Abstract

Radical cystectomy (RC) is the treatment of choice and is strongly recommended for patients with pT2-4aN0M0 bladder cancer in both the European Association of Urology (EAU) and American Urological Association (AUA) muscle-invasive bladder cancer (MIBC) guidelines. RC is a challenging operation, with significant perioperative and postoperative morbidity and mortality, having short-term complication rates between 14.4% and 21.7%, and long-term oncological survival rates ranging from 60% after 5 years to 43% after 10 years. The impact on quality of life (QoL) in patients after treatment for bladder cancer is significantly worse than in other pelvic cancers. Although RC is strongly recommended as the gold standard, there is a need for bladder-sparing options in MIBC. Attempts to improve mortality and morbidity rates after RC have been made by implementing Enhanced Recovery After Surgery (ERAS), robot-assisted RC, and sexual function-preserving techniques. None of these significantly improves QoL or functional outcome. Because of the invasiveness of RC, other therapeutic options have been evaluated. Transurethral resection of the bladder tumor (TURB) plays an important role in the diagnostic evaluation of MIBC and has also been reviewed as a curative option, although the oncological results appear inferior to RC. Furthermore, improved radiotherapy (RT) and widely used chemotherapy, both as monotherapeutic options in bladder cancer, are not as effective as radical surgery, with lower survival rates.

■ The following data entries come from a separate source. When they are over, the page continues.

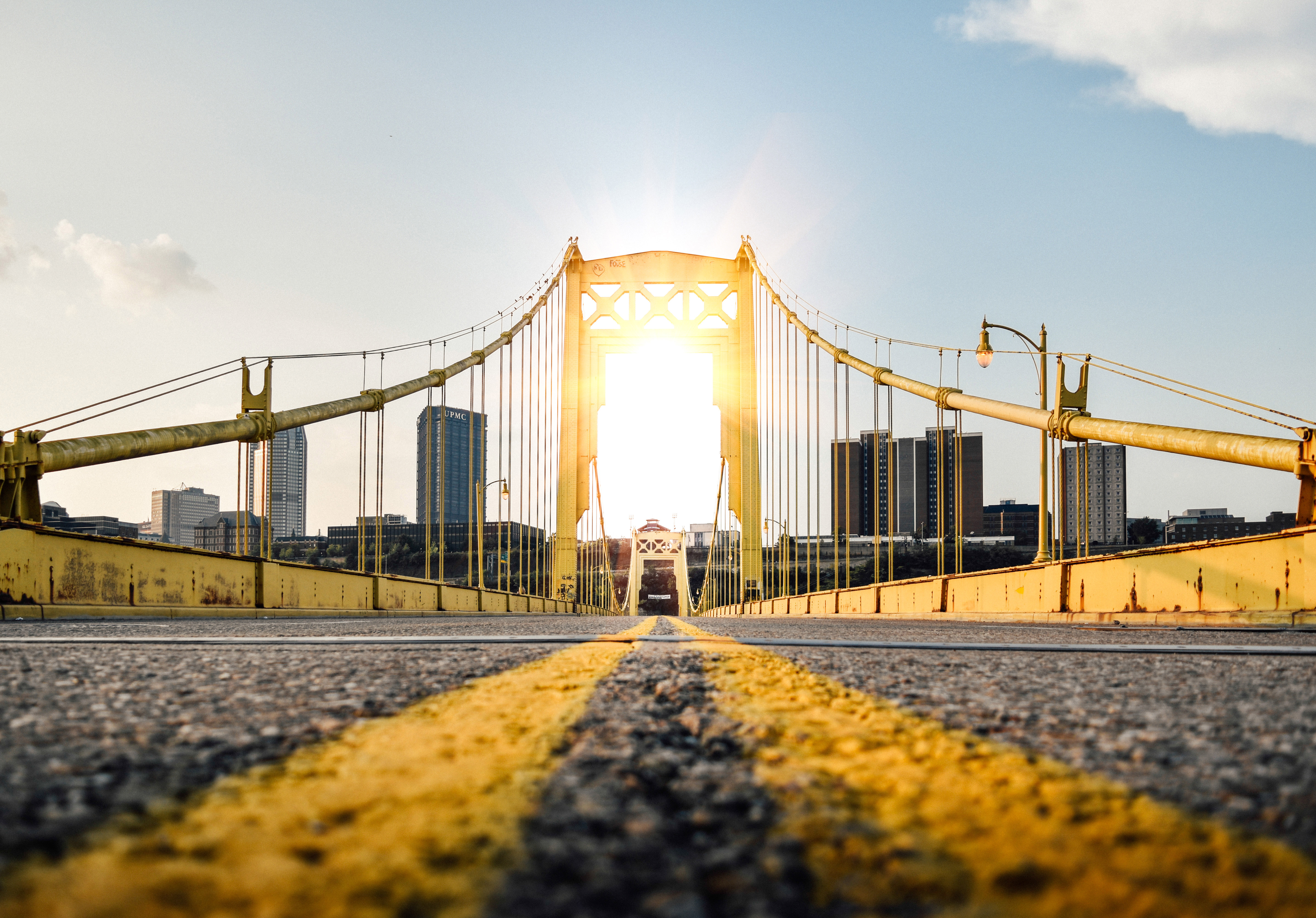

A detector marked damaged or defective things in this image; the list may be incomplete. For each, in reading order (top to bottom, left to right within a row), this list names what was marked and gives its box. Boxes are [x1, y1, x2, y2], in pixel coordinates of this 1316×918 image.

rusty yellow parapet wall [0, 526, 605, 618]
rusty yellow parapet wall [705, 526, 1316, 626]
road crack seal line [0, 615, 658, 915]
road crack seal line [674, 615, 1316, 915]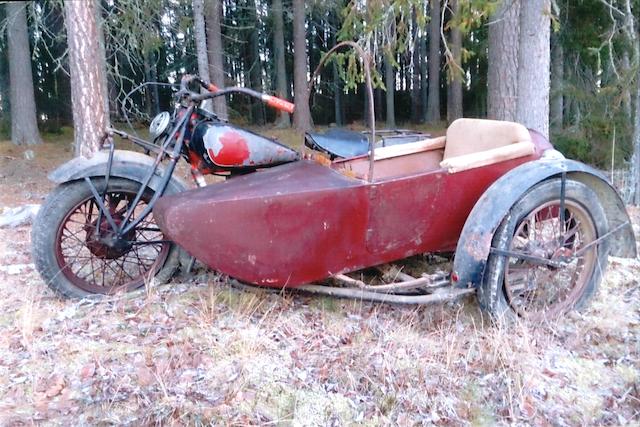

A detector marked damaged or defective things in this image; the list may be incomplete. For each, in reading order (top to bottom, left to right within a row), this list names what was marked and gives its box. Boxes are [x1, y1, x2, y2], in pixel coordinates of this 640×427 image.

rusty metal surface [452, 158, 636, 290]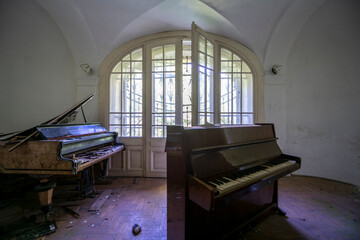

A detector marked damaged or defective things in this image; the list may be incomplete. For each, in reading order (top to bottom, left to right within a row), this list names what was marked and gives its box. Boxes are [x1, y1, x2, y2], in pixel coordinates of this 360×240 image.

damaged grand piano [0, 93, 124, 219]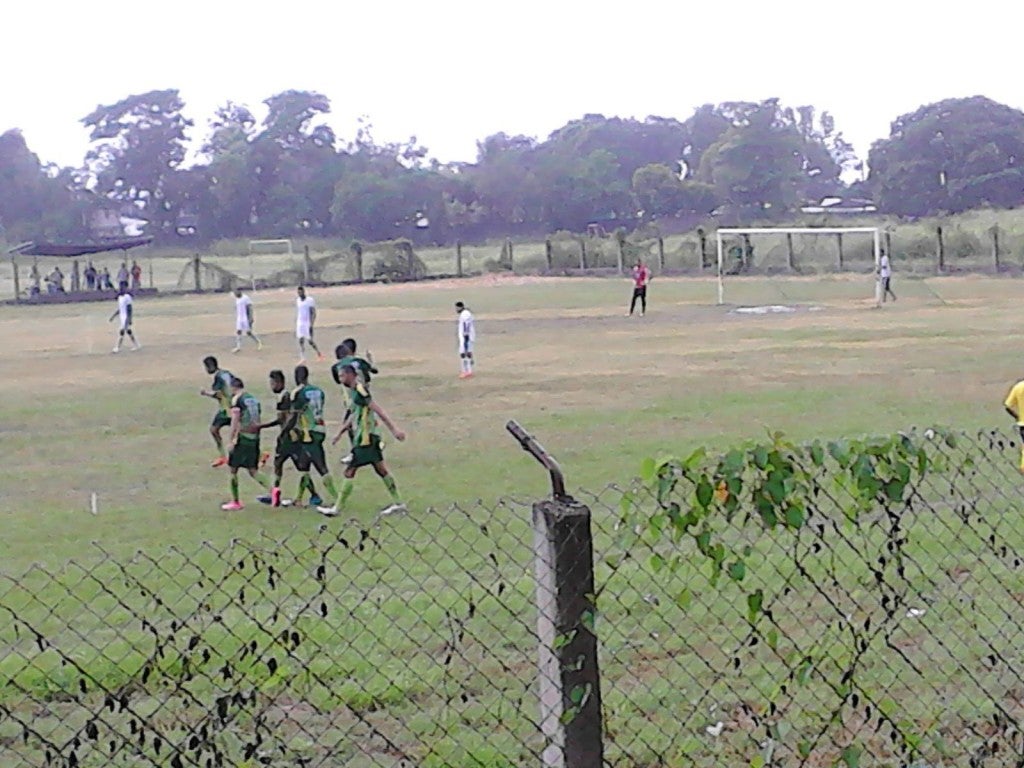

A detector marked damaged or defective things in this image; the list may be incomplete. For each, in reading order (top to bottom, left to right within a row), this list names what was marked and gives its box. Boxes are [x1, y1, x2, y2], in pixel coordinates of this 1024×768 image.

Trimodality treatment (TMT) in bladder cancer combines TURB with chemotherapy and RT. The goal of TMT is preserving the bladder and QoL without compromising oncological outcome. A 2018 review showed no difference in overall survival rates between RC and TMT (30.9% vs 35.1%), with lower survival rates after RC than TMT in the first year of follow-up, probably due to higher postoperative mortality. For a selected group of patients, TMT is to be recommended, and it is the most favorable option out of the organ-sparing strategies in MIBC.